Tversky Searches
Run a Tversky search. The Tversky similarity coefficient is a generalization of the Tanimoto coefficient that allows asymmetric weighting between query and reference fingerprints.
Using a
and b
Parameters
The a
and b
parameters in the tversky
function control the weighting of the query and reference fingerprints, respectively. Adjusting these values allows you to fine-tune the similarity measure to emphasize different aspects of the fingerprints. For example, setting a
to a higher value than b
will give more weight to the query fingerprint.
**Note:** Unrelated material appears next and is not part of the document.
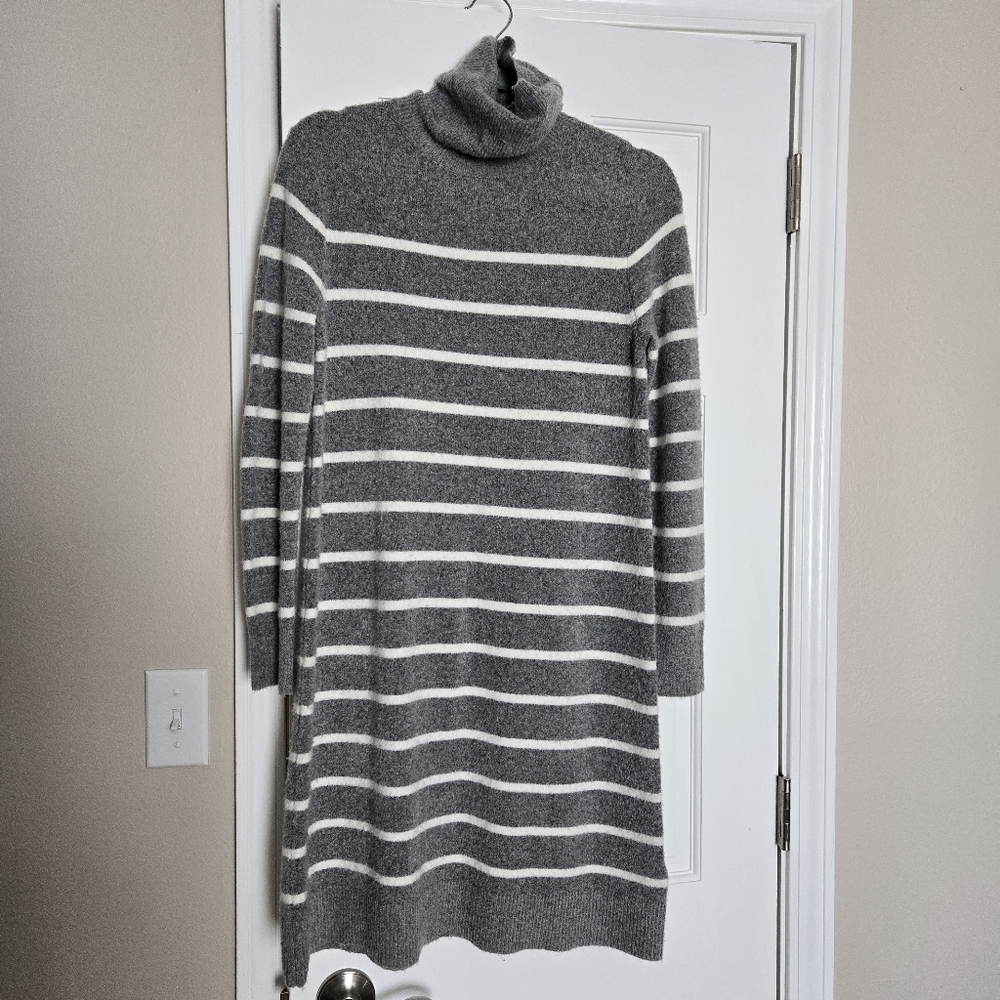 J Crew ultra soft sweater dress size XS long sleeve turtle neck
Use the FPSim2Engine.tversky
function to run a Tversky search.
from FPSim2 import FPSim2Engine
fp_filename = 'chembl_35_v0.6.0.h5'
fpe = FPSim2Engine(fp_filename)
query = 'CC(=O)Oc1ccccc1C(=O)O'
results = fpe.tversky(query, threshold=0.7, a=0.7, b=0.3, n_workers=1)
Use the FPSim2Engine.on_disk_tversky
function to run Tversky searches on disk. This method is much slower but suitable when working with databases larger than available RAM. To use ONLY if the dataset doesn't fit in memory.
from FPSim2 import FPSim2Engine
fp_filename = 'chembl_35_v0.6.0.h5'
fpe = FPSim2Engine(fp_filename, in_memory_fps=False)
query = 'CC(=O)Oc1ccccc1C(=O)O'
results = fpe.on_disk_tversky(query, threshold=0.7, a=0.7, b=0.3)
Parallel Processing
The n_workers
parameter can be used to split a single query into multiple threads to speed up the search.
This is especially useful when searching large datasets.